__Web page caption snippets__
>>>
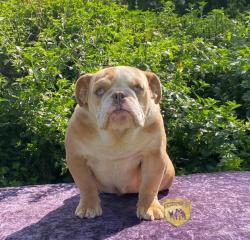 Click sobre la imagen para ampliarla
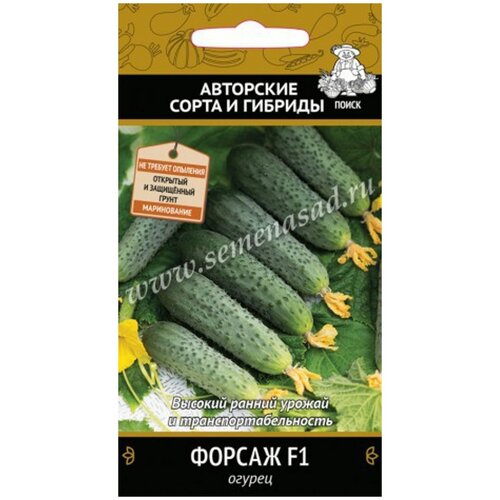 ���������� ������ ����� ������ ������ F1 12 ��., 10 ��.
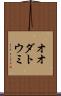 オオダトウミ Scroll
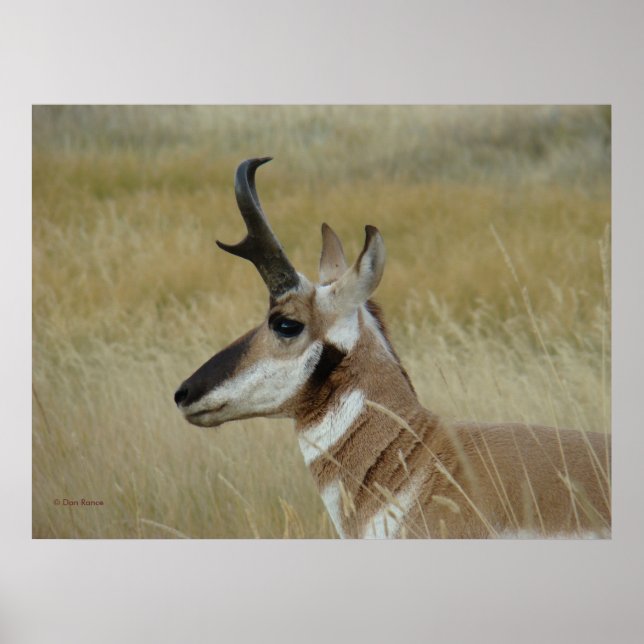 Affiches Profil de jeune buck d'antilope à fourche A4 tête  (Devant)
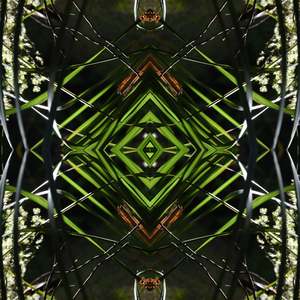 Dark Ruatahi Portal 1 - On Canvas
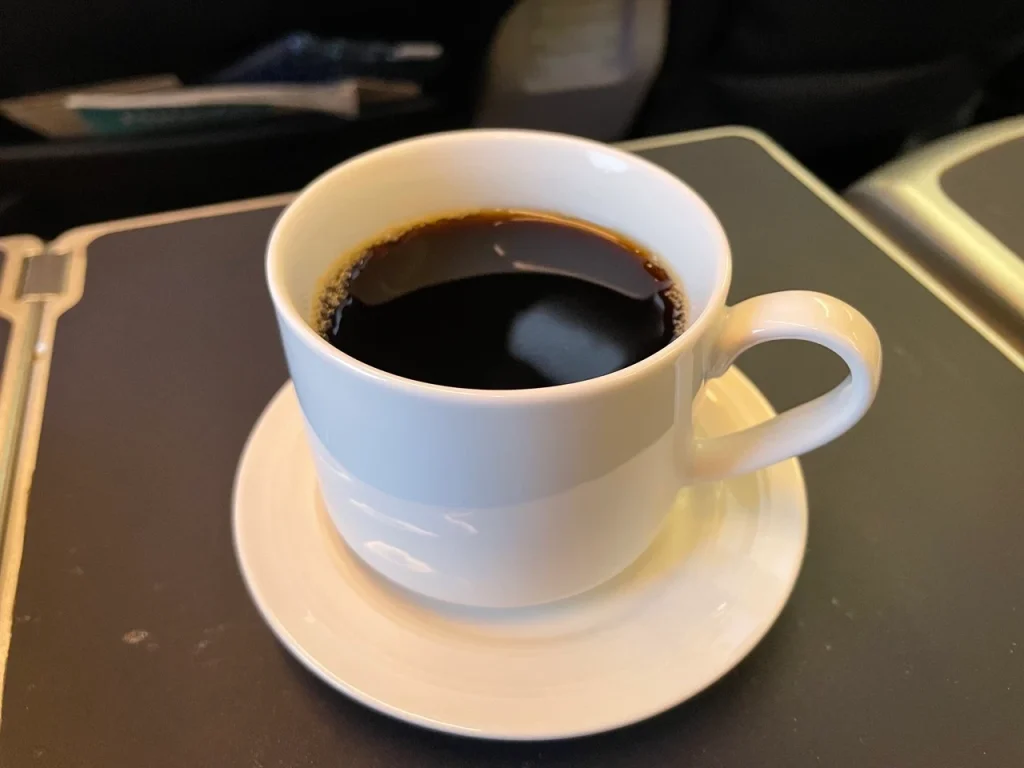 Copa 737-800 Business Class in 2023: Meal Service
<<<
__To do__
Because only the text is wanted, copy each record above precisely and omit its pictures.

__Written answer__
 Click sobre la imagen para ampliarla
 ���������� ������ ����� ������ ������ F1 12 ��., 10 ��.
 オオダトウミ Scroll
 Affiches Profil de jeune buck d'antilope à fourche A4 tête  (Devant)
 Dark Ruatahi Portal 1 - On Canvas
 Copa 737-800 Business Class in 2023: Meal Service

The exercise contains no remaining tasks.